Elsie Clark explains her 6.67% success rate with new year's resolutions.

Since 2016 I have kept a diary, and over the past five years I have somehow managed to write in it every single day. No breaks, no omissions: just 1825 pages of my random scribblings from the ages of 14-19, peppered with strange anecdotes and long tangents on events of interest to no one but myself.

And since 2016, on the page marked ‘January 1st’, I have written my New Year’s Resolutions, apparently in the desperate hope that by setting them down in pen they might actually come to fruition. But out of the 15 goals I have set for myself over the past five years, I’ve only stuck to one! This leaves me with a staggeringly unsuccessful 6.67% success rate when it comes to New Year’s Resolutions.

Wondering how I had gone so wrong I looked more closely at what I’d resolved to do, and as I did so several common themes emerged:

1.    Attempts at fitness: “do some form of exercise once a week” (2016); “exercise at least once a week” (2017 – unoriginal copy of last year’s resolution); “exercise 3-4 times a week” (2018 – a massive increase on the previous year’s target. Not sure where this sudden unjustified enthusiasm for the gym came from).

2.    Healthy eating: “eat less unhealthy food” (2016 – uselessly vague); “not to eat mindlessly” (2021 – broken mere hours into the New Year when I found out I wouldn’t be allowed back to Oxford until at least the 25th and had to eat 2 bowls of Shreddies in rapid succession just to feel something).

3.    Relationships: “Do something re my crush???” (2018 – questions marks suggest I was already highly sceptical that I would ever do this); “get over my crush” (2019 – a resolution achieved, but only in the year after I set it so it doesn’t count).

Interestingly, the one year for which I made no resolutions at all was 2020. Perhaps deep inside I knew what was to come and that I should not bother – or I simply forgot to write them down. One or the other.

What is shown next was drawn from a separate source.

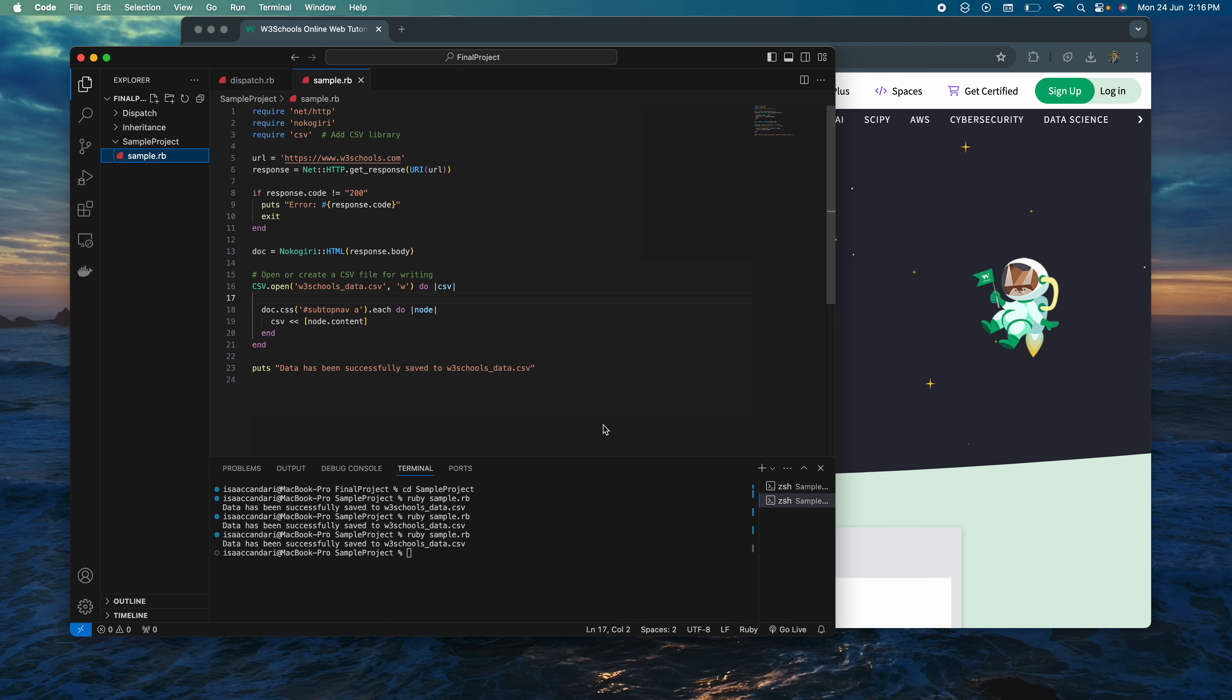This is my sample program for the final presentation. It's a web scraper written in Ruby. You can give it a website through a URL, specify a div, and it'll take the information from that div and write it to a CSV file.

Why do we set these unconvincing and often unachievable targets every year? With the emergence of the #selfcare movement there has been increasing backlash against the idea of ‘New Year, New You’, most notably from celebrity activist Jameela Jamil who stated on Instagram last week that “we deserve to focus on a happier and more mentally stable us” rather than “the stupid fucking diet and detox industry”.

She has a point. Many, myself included, feel pressure to overhaul themselves come January 1st, throwing out their ‘old self’ along with the Christmas tree and the Bounties at the bottom of the Celebrations box. No one better embodies this desperate desire for change than Bridget Jones, who lays out her New Year’s resolutions on the opening pages of Helen Fielding’s genius novel. She asserts, amongst other things, that she will not “smoke/spend more than earn/get upset over men/bitch about anyone behind their backs”, but instead will “stop smoking/be more confident/be more assertive/eat more pulses/form functional relationship with responsible adult” and so on.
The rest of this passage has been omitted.